The simple learning of the date is enough to puzzle us because no one's brain is really putting any actual emphasize on time.

"Ah, screw it. It must be 24th. We should come back and mark our shit done."

This seems like a conclusive sound of our night out and before the request to scram comes out of anyone's mouth, I start my pacing around the steel railing and throw occasional looks at the Lakeside wall.

Unwashed garbage, half drunk beer bottles, tarps of energetic colors and a strong lump of something that is covered with rotten plastic.

It can be a dead body or it can be a collection of some homeless peasant's favorite buckets.

I compare my mind with this mess of the Lakeside wall.

They are both uncannily similar.

"And we better get that Jackie bastard with us. All this sitting at home is gonna make him a woman."

Harvey has definitely learned from the little walk Clay and he took because instead of using his favorite cuss words and adding gay to anything and everything, he chose to say " Woman " . Which is insulting but an improvement, nonetheless.

"What? We leaving?" Kenny hinders the walk as his eyes throw a gaze at the distant smoking.

His premature alcoholism compass is pointing to the mix to find something hard to knock himself out.

"Come on, Kenth. Do ya still want to stay? Just look at this gobsh. . ."
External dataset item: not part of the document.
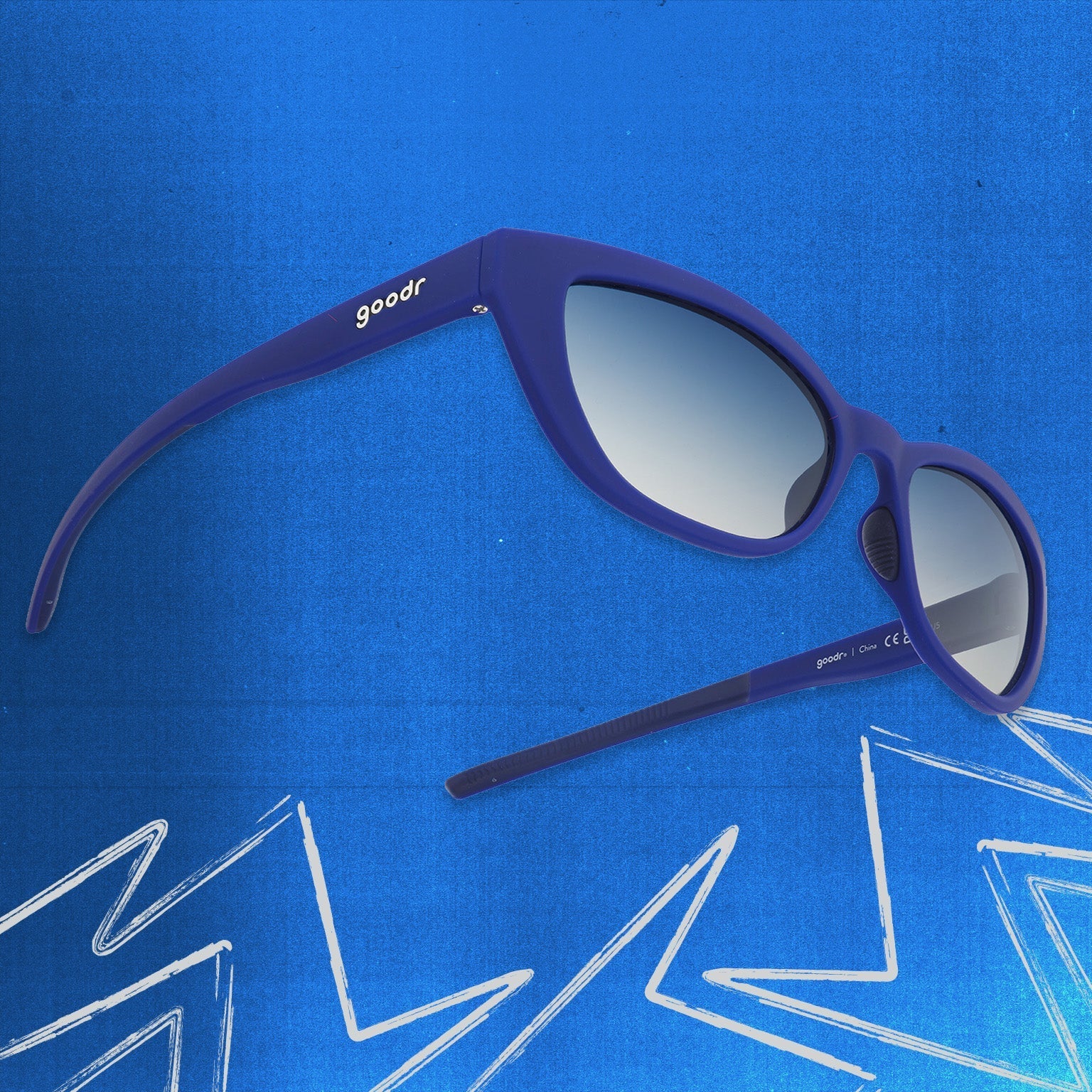 Three-quarter angle view of navy blue cat eye shades with blue gradient lenses tilted up on a blue background.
The siren wails just in time and its unexpected presence turns the question into a no brainer as Kenny conjures an uncomfortable smile and coaxes the fast food pouch under his arm.

The three pair of shoes start to walk to the blind alley's entrance and I lag behind to catch any action.
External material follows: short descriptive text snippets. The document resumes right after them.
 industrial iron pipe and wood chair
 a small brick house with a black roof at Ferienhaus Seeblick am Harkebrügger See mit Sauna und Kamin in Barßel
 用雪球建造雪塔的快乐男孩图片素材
The spinning light seems to provide everyone with migraines as a harmonized loud groan floats from the cusp of the middle. Dimly lit lights are giving me a clear view of a bunch of young men swatting at the quad of cops who are questionably taking small steps with care.

The crisp sound of a smashed bottle throws me a fit as well as the others since we are all currently running in a 100 meter race.

Instinctively, I lag behind from the trio because usually Jackie's tight waist needs a boost to get up from the 6 foot fence, on the east side of the Alley.

"Come on, boy." Harvey frustratingly kicks at the wall as I slowly jump out from the top.

His irritation is mostly at me because I am messing his new beginning of being a good boy.

The lungs are put to a rest as one other police car skids away from the sidewalk and towards Elvis Ridge in agile urgency.

"See you dongs on Monday!" Harvey yells unnecessarily as he thumps Kenny's back and starts his sprint towards the cafe, around the corner.

The three of us are left to enjoy and indulge ourselves by the comfort of a night's bus ride as we jog away.

In this interval of action and talk, I utilize the time in thinking about Dolarous.

"Kenny and Dolorous sitting on a tree."

I imagine them in that posture, huddled.

That's a worrying sight.

The tree should be strong and stout, like a good oak if Kenny and Dolorous both wants to stay without falling down.